Die Enttäuschung, die mit dieser Biederkeit verbunden ist, liegt vermutlich an der vorherigen Erwartungshaltung, die ich gegenüber dem musikalischen Schaffen Okerekes habe. Vielleicht ist es auch einfach unsinnig, Künstler*innen vorzuwerfen, dass sie sich nicht auf den immergleichen Sound festlegen wollen, sondern den Mut beweisen, zu experimentieren.
Die Platte „Fatherland“ ist definitiv eine Herzensangelegenheit, so dass auch ihr Titel weniger politisch, sondern vielmehr persönlich zu lesen ist.
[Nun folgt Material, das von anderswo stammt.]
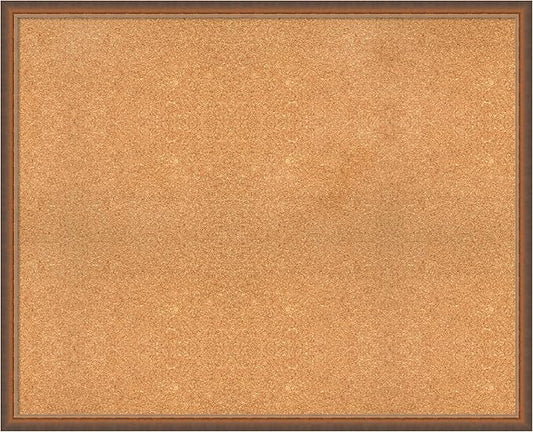 Amanti Art Natural Cork Board for Wall, 34x42 Vision Board with Bronze Frame, X-Large Corkboard Office Decor for Home Organization, Modern Corkboard Pinboard to Display Items for Home Organization in-DeskLoop Office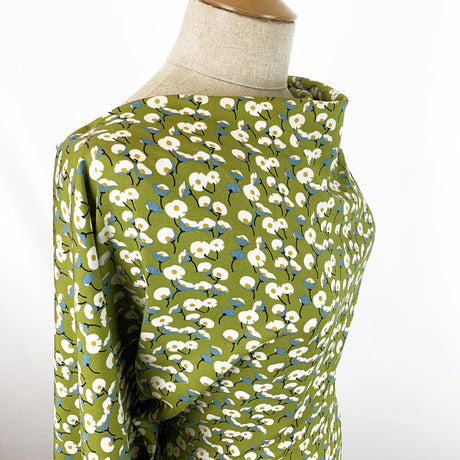 Viscose Dress Fabric Maya Green Floral Side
Kele Okereke ist Vater geworden und versucht in dem Album auch, einen Teil dieser neuen Erfahrungen und Herausforderungen zu verarbeiten.
Der Song „Savannah“ ist etwa direkt an seine kleine Tochter gerichtet und enthält eine simple, aber wichtige Botschaft: „Open your heart, be kind and let love flow through your soul“. Genau diese ehrlichen und intimen Texte sind es auch, die „Fatherland“ trotz der fehlenden Ausgewogenheit hörenswert machen.
Ein absolutes Highlight ist etwa der Titel „Grounds For Resentment“ – ein gefühlvolles Duett zwischen Kele Okereke und dem Years & Years-Sänger Olly Alexander. Auf bittersüße Weise werden wir hier beim Hören an den Schmerz vergangener Beziehungen und die Unsicherheit darüber, ob wir wirklich damit abgeschlossen haben, erinnert. So singt Olly Alexander etwa:
„I think I’m angry and I’m sad
I kept your T-shirt and your cap
All this evidence is surely looking bad
Well do you think about me still?
Are you happy and fulfilled?”
Keles einmalige Stimme und die vertrauten Lyrics sorgen dafür, dass „Fatherland“ trotz der Schwächen auf Melodie-Ebene Freude bereitet. Wer hier nicht mit der Erwartung herangeht, dass es sich um ein Elektro-Album mit starken Beats und durchkomponierten Synthie-Sounds handelt, sondern um eine lockere Chamber-, Swing-Pop-Platte, wird beim Hören auch nicht enttäuscht.